Rentetan konflik dan
kekerasan yang mewarnai sejumlah pemilihan umum kepala daerah (pemilu
kada) memunculkan kekhawatiran kita. Bulu kuduk pun merinding kala
ketidakpuasan terhadap proses dan hasil pemilihan dilampiaskan dengan
perusakan dan pembakaran sejumlah fasilitas, baik milik pemerintah,
partai, maupun swasta. Proses demokrasi yang semestinya ditempuh dengan
cara-cara yang damai menjadi ibarat jauh panggang dari api.

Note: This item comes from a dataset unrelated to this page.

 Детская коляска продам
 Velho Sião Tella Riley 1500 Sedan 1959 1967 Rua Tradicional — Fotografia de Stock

Peristiwa itu lagi-lagi terjadi di Kota
Palopo, Sulawesi Selatan. Massa yang beringas merusak dan membakar
sejumlah ruangan di Kantor Wali Kota Palopo dan Kantor Partai Golkar.

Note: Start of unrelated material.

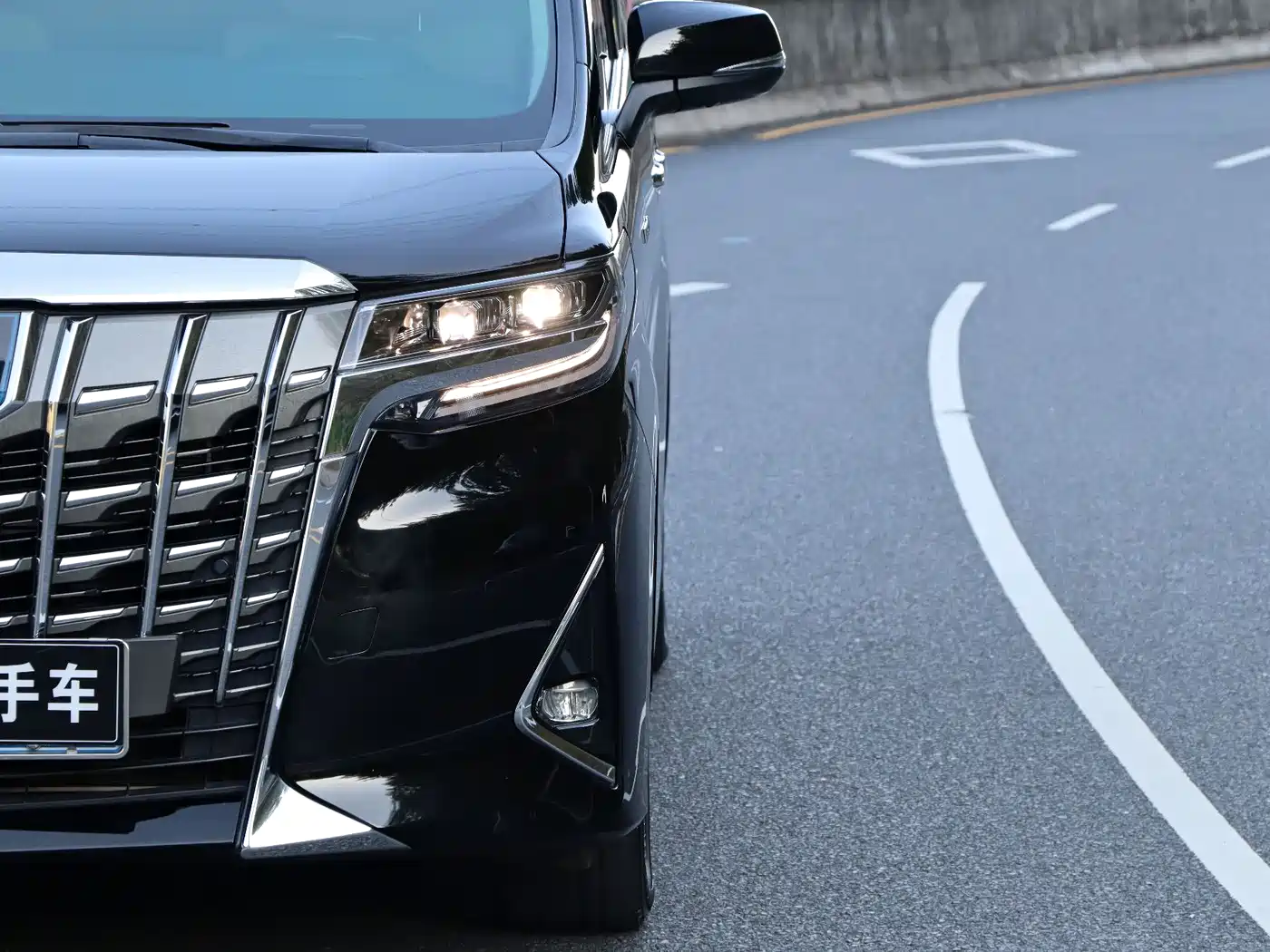 Toyota Alphard 2021 Hybrid 2.5L Luxury фото 9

Kantor Palopo Pos dan Gedung BNI yang berada di sebelahnya juga tidak
luput dari jilatan api, diserang dan dibakar massa. Kerusuhan bermula
saat massa tak puas setelah Komisi Pemilihan Umum (KPU) Kota Palopo
menetapkan pasangan Judas Amir-Akhmad Syarifuddin (JA) sebagai pemenang
pemilu kada putaran kedua dengan perolehan 37.469 suara. Adapun pasangan
Haidir Basir-Thamrin Djufri (Hati) meraup 36.731 suara. Pada putaran
pertama, pasangan Hati unggul dengan raihan suara 24,56%, sedangkan JA
mengantongi suara 24,47%.
Suasana politik memang selalu memanas
menjelang pelaksanaan pemilu. Para politikus dan peserta pemilu
meningkatkan aktivitas dan manuver politik sehingga eskalasi politik kian
meningkat. Mereka benar-benar terlibat dalam persaingan sengit guna
meraih kekuasaan yang diwujudkan dengan kemenangan dalam tradisi lima
tahunan itu. Efek yang muncul, potensi konfl ik menjadi rentan terjadi.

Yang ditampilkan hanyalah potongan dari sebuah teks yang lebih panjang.